Alright, but THEN (and trust me, I'm getting to the point) in the final showdown with Master Mold (the King Koopa of sentinels - the UBER sentinel) Morph TOTALLY comes out of NOWHERE and pulls off all these super-phatty
textbook X-Men 'kill all bad guys while saving all good guys' moves and I'm all like 'OOOOooooh shit! NICE Morph! You totally redeemed yourself!' Right?

And everyone else is like that too - all psysed and getting ready to go into town and do some shots to celebrate or whatever (I really don't think X-Men drink, but you know what I'm sayin) and they look up . . . and Morph's walking away!

And we're ALL like, 'WHA - !?'

And he's like 'I know I was all mega-fly this time and rocked that shit for real, but word, the next time I don't know if I'm gonna do that or start crying like a lil' bitch again, so I gotta roll. I'll be back when I'm ready for real.'

And then he gets in the chopper and bounces!

And for real, at first I was like 'Man! What the fuck!?! He just PROVED that he can pull it together when it counts, what the hell? He doesn't have to leave! That doesn't make any fucking sense!!!'

. . .

But then I met you. And now I get it.

You know what you gotta do and you're doing it.

Right on.


handle with care

hanging my head to think about those poor wildflowers . . . .

they're not so hearty as to be watered on whimsy, perhaps left in appropriate-intensity sunlight and thrive nonetheless.

they're not 'safe.'

'they're so beautiful and exotic,' you say. 'i'd love to keep one in my home, but i just know i'll kill it.'

i'm disappointed in your pussy-like attitude. grow some balls already.

oh. but wait a second. i'm scared to kill them too. that's why i'm surrounded by succulents and spider plants . . . palms . . . ivy . . . .

they're 'safe.'

. . .

hmm, sadness . . . .

theatrical pause


wait! i just remembered! i DO have wildflowers! i do! they were a gift!

and i tried!!!

. . . and they succeeded!

oh sweet relief . . . !

hold off on the hypocrisy.

Monday, January 19, 2009

Capitol-ism

For the first time in my life, I'm actually proud to be an 'American.' I'll give you one guess as to why.

You got it, I'm sure.

But if you didn't, here you go: Obama.

This man, whose name alone defies so many ill-begotten conventions of this nation, has inspired a slew of people worldwide. He has single-handedly (in a sense anyway) brought together the old, young, black, white, gay, straight, fat, skinny, tall, short . . . and made us all give a damn, all at once.

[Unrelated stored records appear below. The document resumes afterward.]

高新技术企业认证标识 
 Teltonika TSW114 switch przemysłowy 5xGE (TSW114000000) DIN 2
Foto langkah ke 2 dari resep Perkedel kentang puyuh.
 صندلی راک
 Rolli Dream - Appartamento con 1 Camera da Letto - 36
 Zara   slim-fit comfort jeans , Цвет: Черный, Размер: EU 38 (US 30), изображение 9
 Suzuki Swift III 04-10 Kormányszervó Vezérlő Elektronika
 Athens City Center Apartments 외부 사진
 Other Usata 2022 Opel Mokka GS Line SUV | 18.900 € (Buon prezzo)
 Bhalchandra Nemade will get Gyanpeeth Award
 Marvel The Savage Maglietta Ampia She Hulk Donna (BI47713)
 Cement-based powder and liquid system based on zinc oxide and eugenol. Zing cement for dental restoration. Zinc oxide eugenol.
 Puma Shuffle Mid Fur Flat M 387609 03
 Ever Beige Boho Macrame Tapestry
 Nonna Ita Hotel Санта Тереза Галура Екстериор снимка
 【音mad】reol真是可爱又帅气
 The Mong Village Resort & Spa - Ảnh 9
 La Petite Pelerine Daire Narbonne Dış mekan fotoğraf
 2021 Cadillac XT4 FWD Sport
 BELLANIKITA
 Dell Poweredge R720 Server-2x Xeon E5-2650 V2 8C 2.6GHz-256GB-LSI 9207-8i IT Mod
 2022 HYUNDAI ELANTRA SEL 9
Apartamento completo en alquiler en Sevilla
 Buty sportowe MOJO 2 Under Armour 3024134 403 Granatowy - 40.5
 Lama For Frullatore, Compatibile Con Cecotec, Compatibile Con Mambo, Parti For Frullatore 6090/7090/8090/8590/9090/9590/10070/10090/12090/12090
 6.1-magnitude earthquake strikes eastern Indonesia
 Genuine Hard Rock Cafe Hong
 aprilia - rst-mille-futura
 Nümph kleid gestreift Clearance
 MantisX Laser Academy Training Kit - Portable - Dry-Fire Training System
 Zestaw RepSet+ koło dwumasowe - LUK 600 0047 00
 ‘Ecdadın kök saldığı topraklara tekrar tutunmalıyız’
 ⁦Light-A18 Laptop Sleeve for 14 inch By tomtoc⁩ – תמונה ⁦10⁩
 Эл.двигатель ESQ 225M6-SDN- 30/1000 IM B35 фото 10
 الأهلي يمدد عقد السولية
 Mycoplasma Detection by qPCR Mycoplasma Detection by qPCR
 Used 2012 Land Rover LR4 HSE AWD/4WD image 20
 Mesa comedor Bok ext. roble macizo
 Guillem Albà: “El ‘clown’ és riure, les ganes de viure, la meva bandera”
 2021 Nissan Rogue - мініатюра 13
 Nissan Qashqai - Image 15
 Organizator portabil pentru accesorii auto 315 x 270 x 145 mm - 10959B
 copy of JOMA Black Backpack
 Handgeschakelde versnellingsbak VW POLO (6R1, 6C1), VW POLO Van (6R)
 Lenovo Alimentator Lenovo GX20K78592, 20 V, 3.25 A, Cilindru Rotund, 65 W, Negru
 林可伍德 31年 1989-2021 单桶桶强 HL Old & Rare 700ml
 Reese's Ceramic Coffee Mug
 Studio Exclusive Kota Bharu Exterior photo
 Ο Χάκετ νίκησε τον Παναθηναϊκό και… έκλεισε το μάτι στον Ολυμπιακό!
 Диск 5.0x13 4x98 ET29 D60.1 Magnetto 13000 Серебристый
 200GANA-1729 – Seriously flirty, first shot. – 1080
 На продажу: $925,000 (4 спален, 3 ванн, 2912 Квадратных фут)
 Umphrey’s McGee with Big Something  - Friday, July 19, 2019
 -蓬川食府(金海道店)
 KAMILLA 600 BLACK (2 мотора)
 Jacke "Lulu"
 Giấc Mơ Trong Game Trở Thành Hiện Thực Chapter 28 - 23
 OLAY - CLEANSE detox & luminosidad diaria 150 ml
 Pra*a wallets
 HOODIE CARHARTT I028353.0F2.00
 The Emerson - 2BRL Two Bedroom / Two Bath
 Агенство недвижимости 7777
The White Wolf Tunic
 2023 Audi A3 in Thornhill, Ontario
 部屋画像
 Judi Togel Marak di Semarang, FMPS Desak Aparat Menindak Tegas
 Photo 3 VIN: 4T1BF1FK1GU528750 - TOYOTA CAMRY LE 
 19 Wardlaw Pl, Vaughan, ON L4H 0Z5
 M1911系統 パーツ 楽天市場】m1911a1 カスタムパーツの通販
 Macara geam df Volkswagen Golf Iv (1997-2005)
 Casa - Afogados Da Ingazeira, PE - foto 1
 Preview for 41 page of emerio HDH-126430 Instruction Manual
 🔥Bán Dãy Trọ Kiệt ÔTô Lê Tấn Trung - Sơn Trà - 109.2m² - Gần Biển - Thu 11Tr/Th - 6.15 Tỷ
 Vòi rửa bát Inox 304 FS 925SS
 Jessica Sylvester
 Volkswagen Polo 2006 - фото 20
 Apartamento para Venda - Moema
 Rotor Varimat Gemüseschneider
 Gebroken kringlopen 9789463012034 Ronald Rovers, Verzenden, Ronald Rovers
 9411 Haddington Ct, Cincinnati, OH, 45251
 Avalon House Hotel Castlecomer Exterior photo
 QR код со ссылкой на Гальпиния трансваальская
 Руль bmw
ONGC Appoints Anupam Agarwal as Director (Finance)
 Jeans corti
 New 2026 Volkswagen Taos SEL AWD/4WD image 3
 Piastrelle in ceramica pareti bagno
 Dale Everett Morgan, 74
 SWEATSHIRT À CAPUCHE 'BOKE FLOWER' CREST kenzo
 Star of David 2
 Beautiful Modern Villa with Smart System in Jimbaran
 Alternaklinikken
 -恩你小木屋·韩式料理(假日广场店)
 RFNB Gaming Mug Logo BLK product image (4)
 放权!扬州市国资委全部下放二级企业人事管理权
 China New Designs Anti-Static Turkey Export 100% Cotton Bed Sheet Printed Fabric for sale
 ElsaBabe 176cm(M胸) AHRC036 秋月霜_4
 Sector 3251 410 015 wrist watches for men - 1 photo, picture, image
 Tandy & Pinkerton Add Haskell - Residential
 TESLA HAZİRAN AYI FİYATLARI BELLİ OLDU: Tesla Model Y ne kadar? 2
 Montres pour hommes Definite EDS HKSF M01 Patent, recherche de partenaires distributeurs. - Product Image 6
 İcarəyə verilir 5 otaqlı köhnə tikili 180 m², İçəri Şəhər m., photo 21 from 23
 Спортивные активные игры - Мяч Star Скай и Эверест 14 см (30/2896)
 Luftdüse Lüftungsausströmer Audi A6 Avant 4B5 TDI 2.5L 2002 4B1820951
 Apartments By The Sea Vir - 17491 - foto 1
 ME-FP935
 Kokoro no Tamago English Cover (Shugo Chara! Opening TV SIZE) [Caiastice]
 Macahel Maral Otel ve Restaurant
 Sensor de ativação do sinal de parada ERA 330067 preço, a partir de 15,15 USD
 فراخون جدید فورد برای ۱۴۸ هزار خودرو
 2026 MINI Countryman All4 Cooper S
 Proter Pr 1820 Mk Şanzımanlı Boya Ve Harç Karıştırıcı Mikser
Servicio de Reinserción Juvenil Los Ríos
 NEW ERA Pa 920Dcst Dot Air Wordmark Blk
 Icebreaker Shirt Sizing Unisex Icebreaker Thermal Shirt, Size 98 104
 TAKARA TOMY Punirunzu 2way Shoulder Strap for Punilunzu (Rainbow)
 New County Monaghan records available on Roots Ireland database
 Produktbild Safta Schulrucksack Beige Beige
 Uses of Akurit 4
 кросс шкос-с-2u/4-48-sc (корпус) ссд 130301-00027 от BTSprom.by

I mean, come on. That's pretty impressive.

. . .

When I think back to the night that he was elected, I lose my mind all over again (and it feels phenomenal!).

The rejoicing . . . ! The elation! The collective ecstasy of a people who had finally allowed ourselves to be vulnerable again; to possess a dream that just barely kept an inconceivably cruel nightmare at bay.

We did it (Yes We Did!!!)!

And if you weren't here to cry and scream and dance and laugh and scream and cry that day, no worries! You still have a chance to phatten up your nostalgia bank on Tuesday the 20th.

Who cares where you're coming from, just come. Who cares that you'll have to miss work, just come. Who cares that you don't have a place to stay. . . .

You can stay with me. For free.

Tuesday, January 13, 2009

moment no. 6089

lessons learned from the constant confrontation:
life/death
birth/decay
fruit-ful/less

and an imagination that refuses to conform to previous realities and their constraints.

kudos to you!

without an etched-out path, one must be created - so long as plenty of breadcrumbs are at hand.

and by the way, i never believed any of the bullshit you wanted me to say. . . .
yes to, that is.

Sunday, January 4, 2009

begin-again

. . . born bathed in glory, drenched in dreams.

Tides and seasons and cycles of the moon all serve to soil the soul if care isn't taken to remember: the only thing that means anything.